Directed by Theodore Melfi
Starring Taraji Henson, Octavia Spencer, Janelle Monáe, Kevin Costner, Kirsten Dunst, Jim Parsons, Mahershala Ali
Reviewed by Shane Pinnegar

Here in 2017 a film about racial and sexual discrimination in 1961 SHOULD be an illuminating glimpse into a less enlightened time. Sadly, instead, it is ringing all too many warning bells in these troubled times where more and more bigots would see new kinds of segregation introduced.

The film opens in the early days of the space race, where America and Russia vie to be the first to send a man towards the stars. A pool of coloured, female ‘computers’ – people who can compute complex mathematics manually – working at West Virginia’s NASA complex face double edged bigotry every day, being looked down on, paid less, and respected almost not at all.

Three of their number – Katherine Goble (later Katherine Johnson, played by Taraji Henson), Dorothy Vaughan (Octavia Spencer) and Mary Jackson (Janelle Monáe) – rise above the bigotry of their co-workers and community, not to mention the advent of electronic computers, to play important roles in putting John Glen into space.

All three leads are wonderful in their roles, portraying with complex subtlety the conflict of being proud, intelligent women held down by hate and fear (Spencer has been nominated for a Best Actress Academy Award), and get the meat of the movie here.
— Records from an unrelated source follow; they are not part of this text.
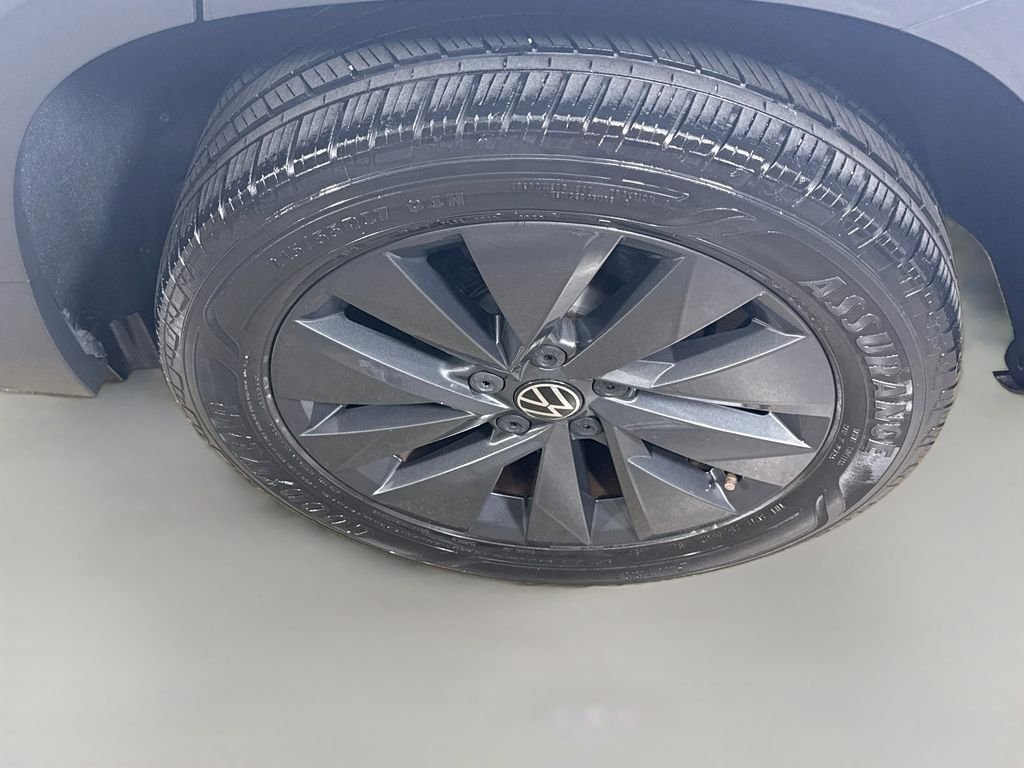 Used 2022 Pure White Volkswagen S image 9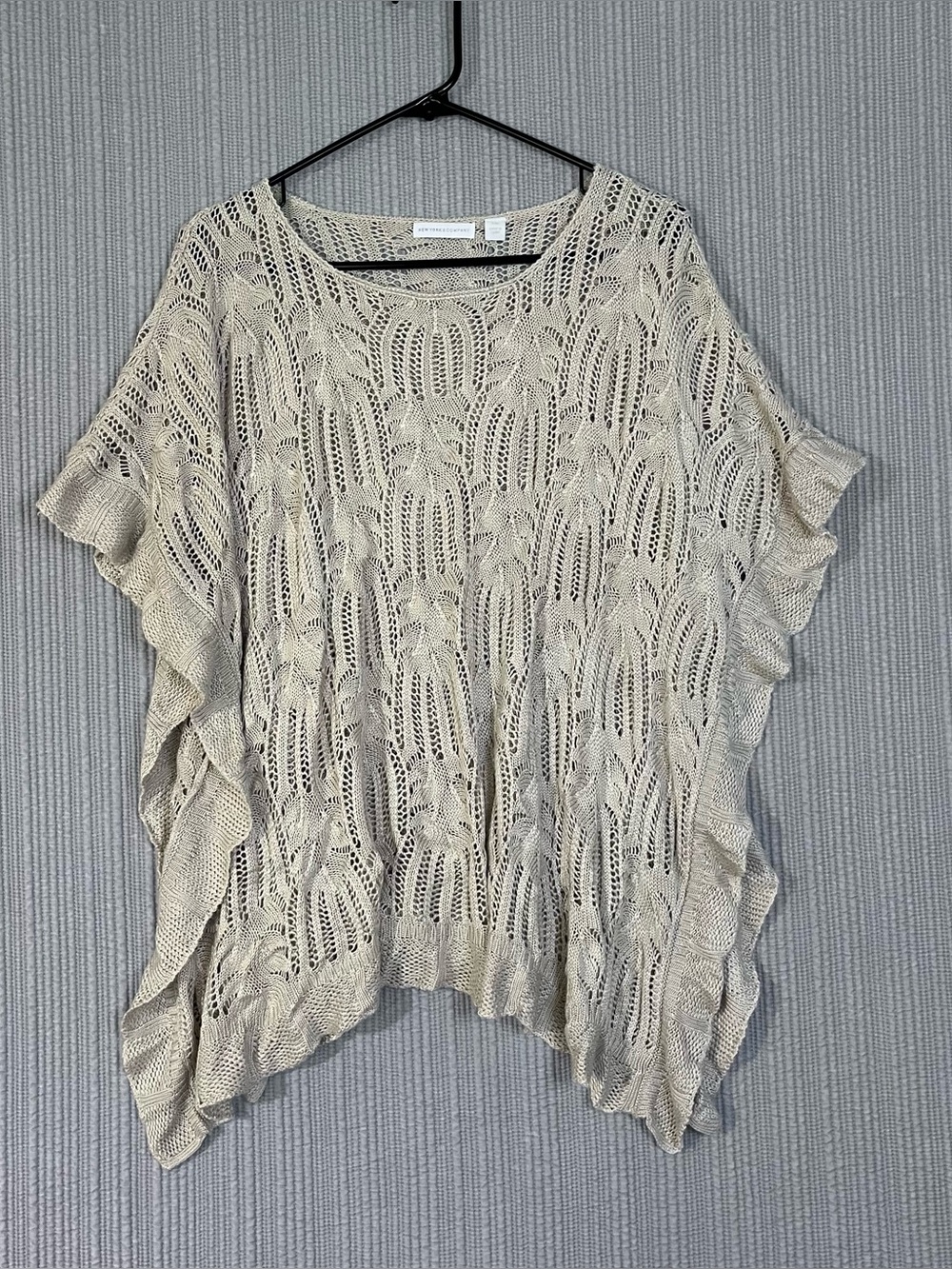 New York & Co Open Weave Crochet Poncho Sweater Womens Small Medium S/M Beige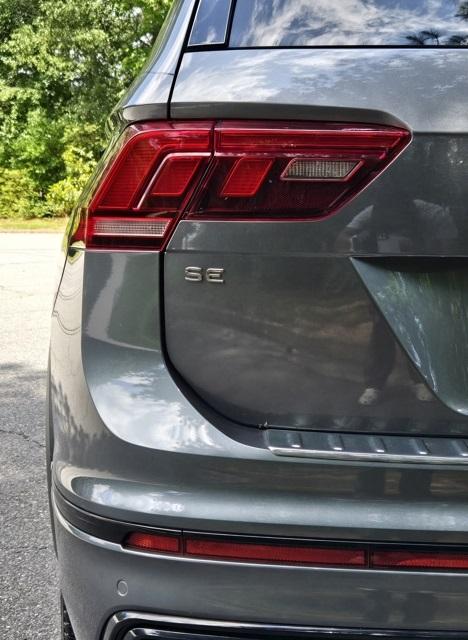 2022 Volkswagen Tiguan SE R-Line Black photo 7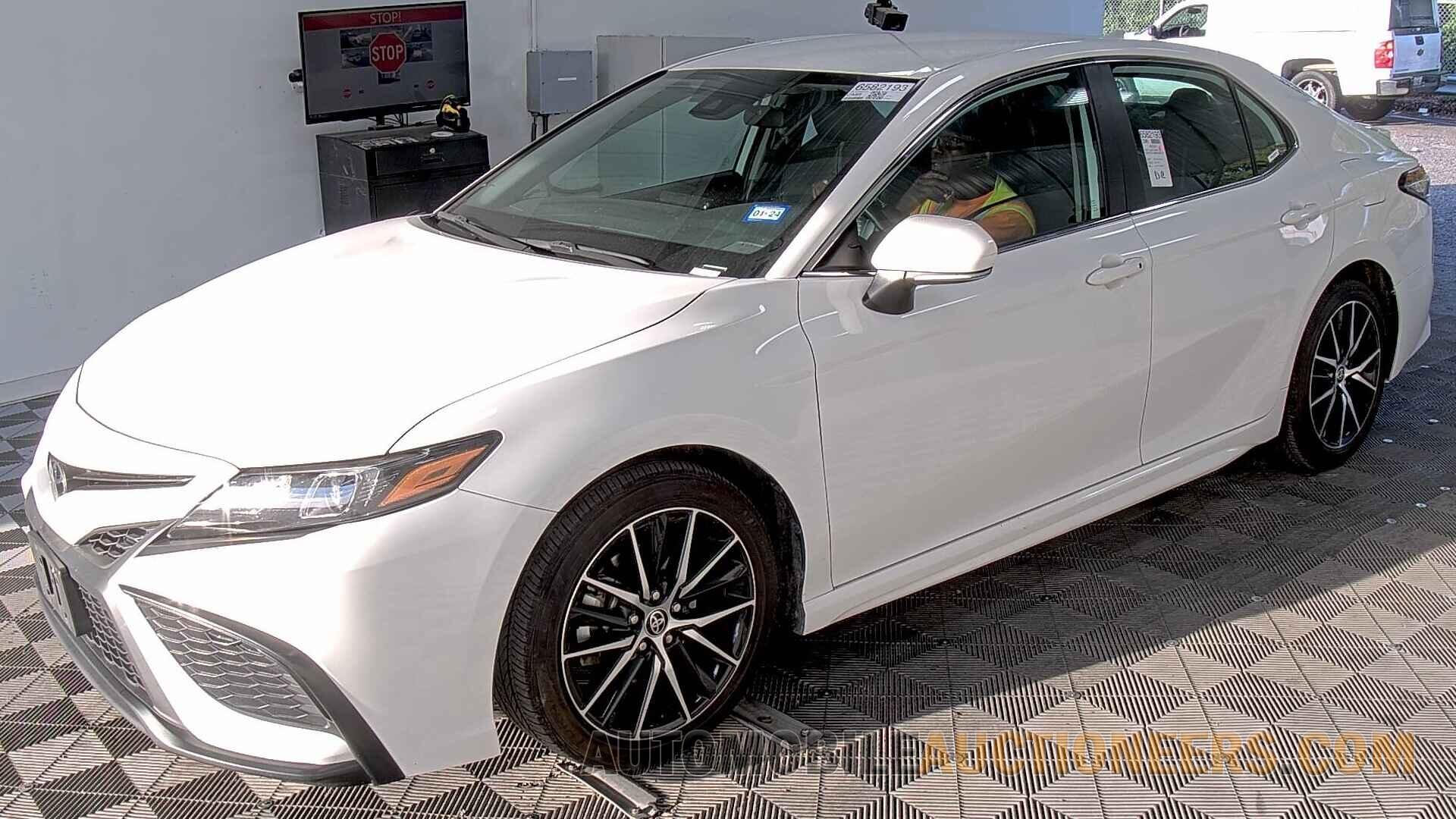 4T1G11AK8NU664723 Toyota Camry 2022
Kevin Costner is dependable as NASA chief Al Harrison; Jim Parsons as awkward as ever as scientist Paul Stafford; Kirsten Dunst is wasted as NASA Personnel Manager Vivian Mitchell; and the rest of the cast are most often set dressing, right down to the leads families, even Goble’s love interest Colonel Jim Johnson, played by the versatile Mahershala Ali.

Hidden Figures does an excellent job of evoking the bigotry of the times, and the growing civil rights movement to overthrow it. It’s also a story of friendship, respect and to a lesser degree, a love story.

Whilst Hidden Figures is a true story, based on the book by Margot Lee Shetterly, it isn’t completely accurate. John Glen did, for example, insist that Katherine Johnson manually check their computer’s figures, but apparently it happened weeks, rather than minutes, before his launch. It has also been reported that the issue with having to use segregated bathrooms was experienced by Mary Jackson, rather than Katherine Goble, as depicted in the film, and the coldness with which most of the other NASA staff treated the women was exaggerated in the movie. Such elements are usually included in Hollywood films for dramatic purposes, but we must be concerned how they might change viewer’s perceptions of the reality of history.

Regardless of such quibbles, Johnson, Vaughan and Jackson all had long careers with NASA, and were integral in many facets of the space program, not to mention in leading small but important wins in the civil rights movement, and Hidden Figures pays due respect to them and their achievements, as well as being a thoroughly enjoyable film with strong values.

Hidden Figures should be compulsory viewing in schools around the world: Here we are heading again, and only you can stop it happening this time.